How to cope is the real question.  See it as an opportunity to flex one of your emotional muscles: the loss muscle. Ideally, we get better at accepting loss as we mature, but most of us go kicking and screaming into this realm because it’s so painful.  We don’t want more practice letting go.  We want to hold on with all our might.  Unfortunately, that only prolongs our pain; and, loss does equal pain.

 

As the Buddhists say, “The only way out is through.”  Face the fact that you are not unique in this regard: everyone loses friends in a divorce.  But, most people make new ones.  Of course, if you sit home 24/7 you won’t meet people.  Get out, join a group through meetup.com (it’s free and they have groups for every interest from yoga to board games); get active in your church, mosque, or synagogue; go to the gym or walk in your neighborhood; join a divorce support group; amp up your activity in a professional organization; or, just stay home and rant and rave until you’re ready to do some of these things.  You may think that day will never come, but it will.

 

Perhaps, there’s an old college friend you haven’t spoken with in years.  Call him or her and see if you still click.  With so many people having been divorced you may find a kindred spirit.

 

Learn to ask for help.  Most of us are excellent at lending a hand to someone else, but balk at appearing needy.  Get over it.  Use this time as a fantastic opportunity to allow others to help you.  In the beginning, you will feel awkward and have cognitive dissonance about reaching out.

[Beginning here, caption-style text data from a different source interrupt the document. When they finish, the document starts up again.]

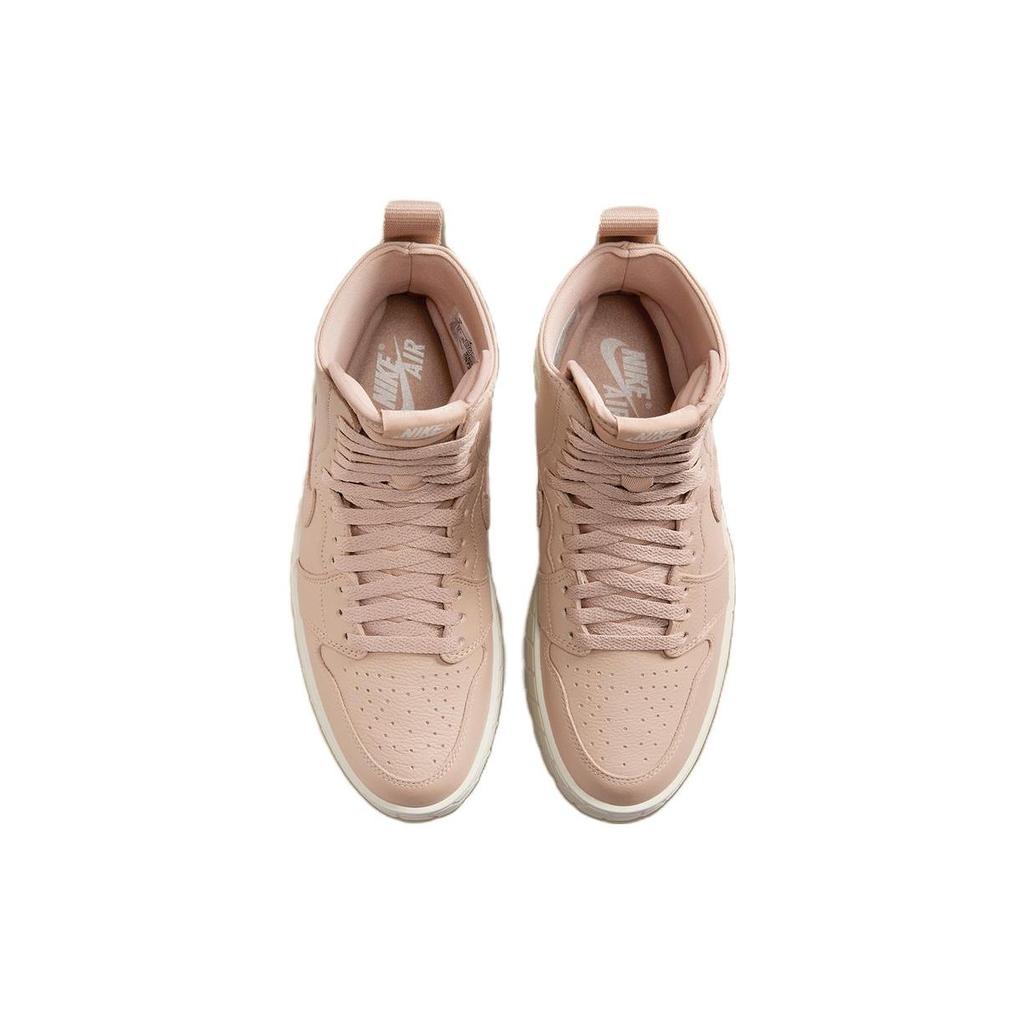 Air Jordan 1 High Brooklyn Legend Medium Brown Женские кроссовки Светло-оревуд-коричневые FJ5737-200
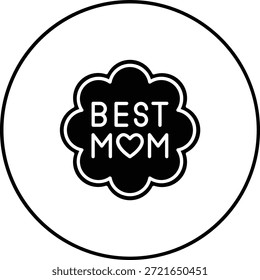 Icono de Vector de la mejor mamá. Se puede utilizar para aplicaciones de impresión, móviles y de Web.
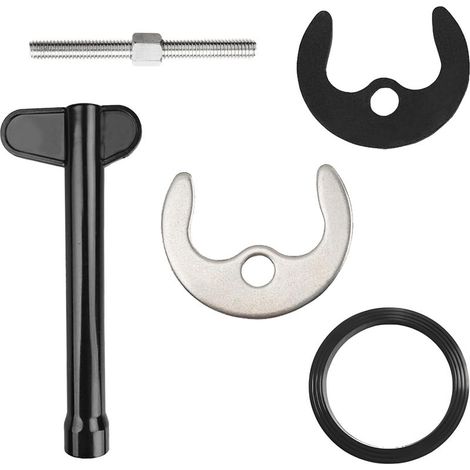 Kit de fixation pour lavabo et évier, accessoires de fixation de robinet, robinetterie, robinetterie, kit de montage, robinet de cuisine, rondelles, écrous avec vis, clé (1/5)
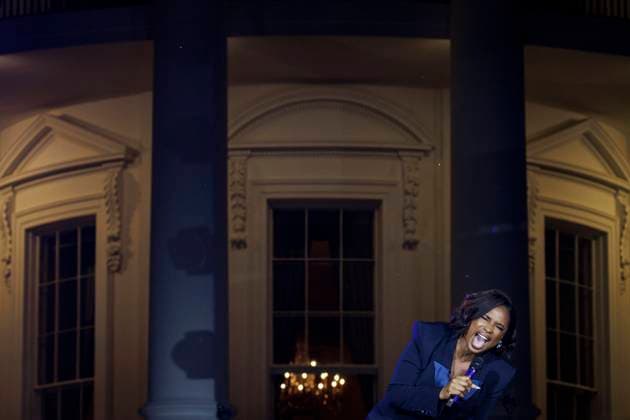 DC: President Biden Hosts a Juneteenth Concert on the South Lawn US singer Jennifer Hudson performs during a Juneteenth concert on the South Lawn of the White House on June 13, 2023 in Washington, D.C. Juneteenth celebrates the emancipation of enslaved African Americans on June 19th and was declared a federal holiday in 2021 by President Joe Biden. (Photo by Samuel Corum Pool ABACAPRESS.COM) Washington The White House DC United States  Copyright: xPool ABACAx 856900_061 Pool ABACAx 856900_061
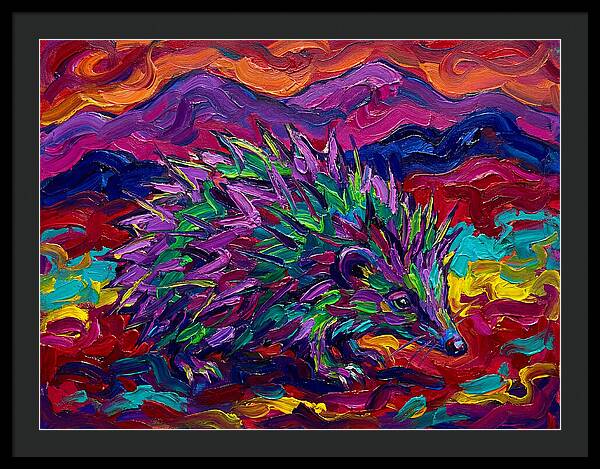 Tenrec In Vibrant Colors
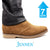 Mr. Mozart Brown | 7cm Taller - Elevator Boots For Men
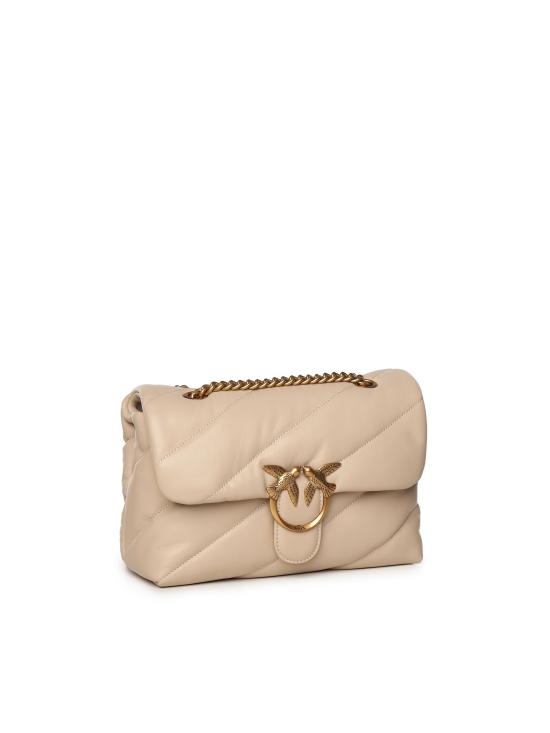 26FW 핑코 크로스백 100038 A0F2C50Q BEIGE GRIGIO FUMO ANTIQUE GOLD - PINKO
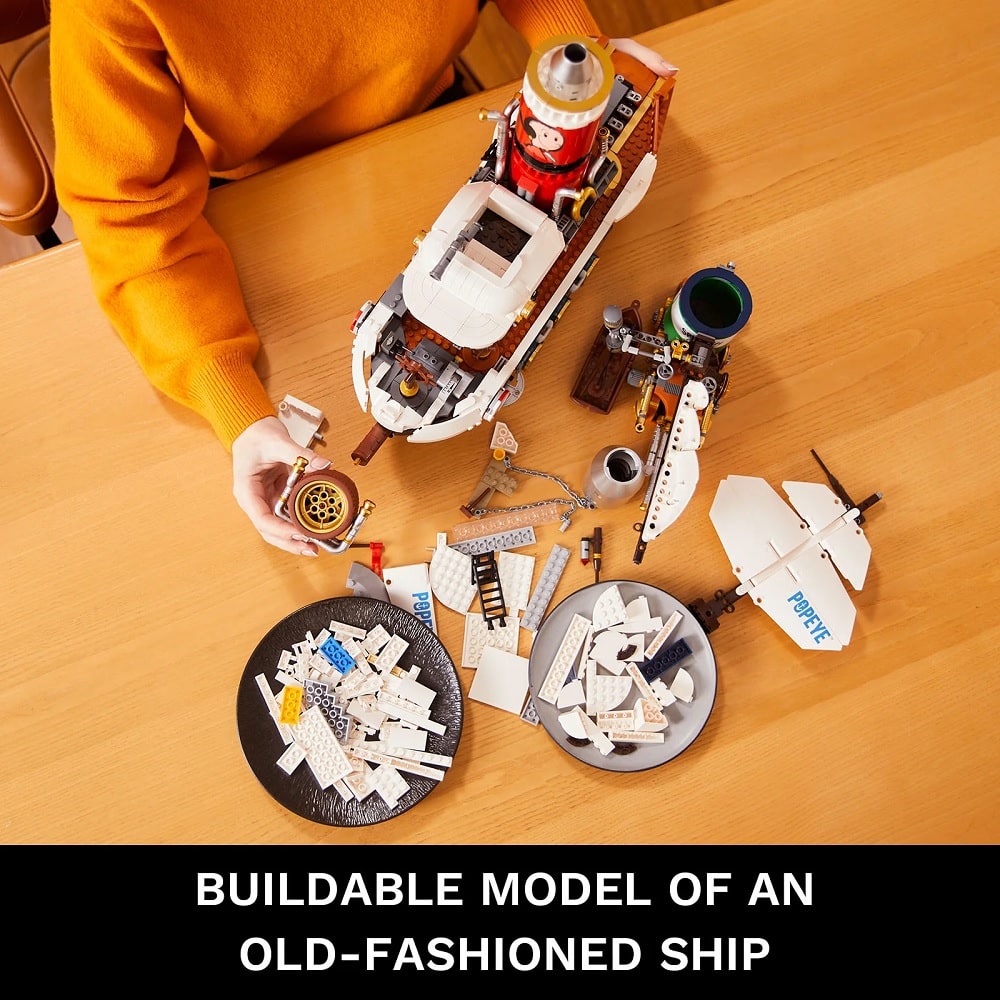 86402 Pantasy Popeye Adventure Ship  Nave Braccio di ferro Set Costruzioni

Stay the course.  It takes guts to ask for help, and to keep asking, but the more support you can get the easier your transition will be.

 

Be honest.  People don’t have ESP and they can’t know how you’re feeling unless you tell them.  As Randy Pausch said in his Last Lecture: “If I only had three words of advice I could ever give you they would be: Tell the truth.  If I could add three more they would be: All the time.”  The only way you have a chance of getting the loving help you crave is to be brutally honest with yourself and your closest friends.  Putting up a brave front actually prevents people from knowing how much you’re suffering, and keeps them at arms length.

 

People who have never navigated these waters have no clue what you’re going through.  Accept their ignorance.  It’s not from lack of caring.  They just have no concept of the extent of your grief.  If you want their help you have to educate them.  Let them see how devastating this is for you.